Euro Delivery on June 8th, drop off June 9th. I completed my Redelivery at the PCD on August 11th. Nice meeting you Benchman10.

Nice meeting you Jonathan and thanks for all your help. Thank you Donnie for the driving instructions and M5 hot laps! What a great way to take delivery of a BMW!!!

I broke my car in on the Autobahn and the Dragon. Now ready for my 1200 mile service and some local track time


----------



## I-Won-Today (Feb 21, 2007)

Congrats! It was nice meeting you as well.

Great looking car... Good luck avoiding the tickets.


----------



## benchman10 (Aug 8, 2007)

Good meeting you Art...

I think I missed you Jon..

The hot laps were crazy as was the handling course.... I wish I could have stayed all day on that track.....

See ya next time


----------



## Stealth.Pilot (Jul 2, 2009)

ArtX5 said:


> Euro Delivery on June 8th, drop off June 9th. I completed my Redelivery at the PCD on August 11th. Nice meeting you Benchman10.
> 
> Nice meeting you Jonathan and thanks for all your help. Thank you Donnie for the driving instructions and M5 hot laps! What a great way to take delivery of a BMW!!!
> 
> I broke my car in on the Autobahn and the Dragon. Now ready for my 1200 mile service and some local track time


Is it normal for it to tak 2 months between ED drop off and PCD pickup? I have been led to believe it will be about 4 weeks by my dealer. So if I drop off on Oct17 I should get it before Thanksgiving.


----------



## Dave600 (Jul 30, 2011)

Our experience and some others cited here:

http://www.bimmerfest.com/forums/showthread.php?t=563606

Patience! Arrgh!


----------



## rhird (Feb 7, 2011)

Stealth.Pilot said:


> Is it normal for it to tak 2 months between ED drop off and PCD pickup? I have been led to believe it will be about 4 weeks by my dealer. So if I drop off on Oct17 I should get it before Thanksgiving.

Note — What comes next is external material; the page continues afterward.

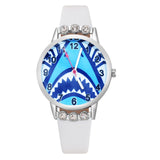 Cute pretty shark Crystal style Children Watch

Not. Six weeks tomorrow and I don't even have a PCD date yet. From what I can tell its likely to be a 3 week wait when you get offered a date. Thus it is more like 9-10 weeks not 4. Having said that I'd wait 3 months if I had to. Really looking forward to PCD:bigpimp:


----------



## VPI2000 (Jun 24, 2011)

My wait was 7 weeks and 3 days from drop off in Munich to PCD.

--------

Sent from my ThinkPad Tablet using Bimmer


----------



## ecalcagnino (Oct 1, 2007)

Mid July Munich drop for me and PCD is in 3 days. Just about 7 weeks.


----------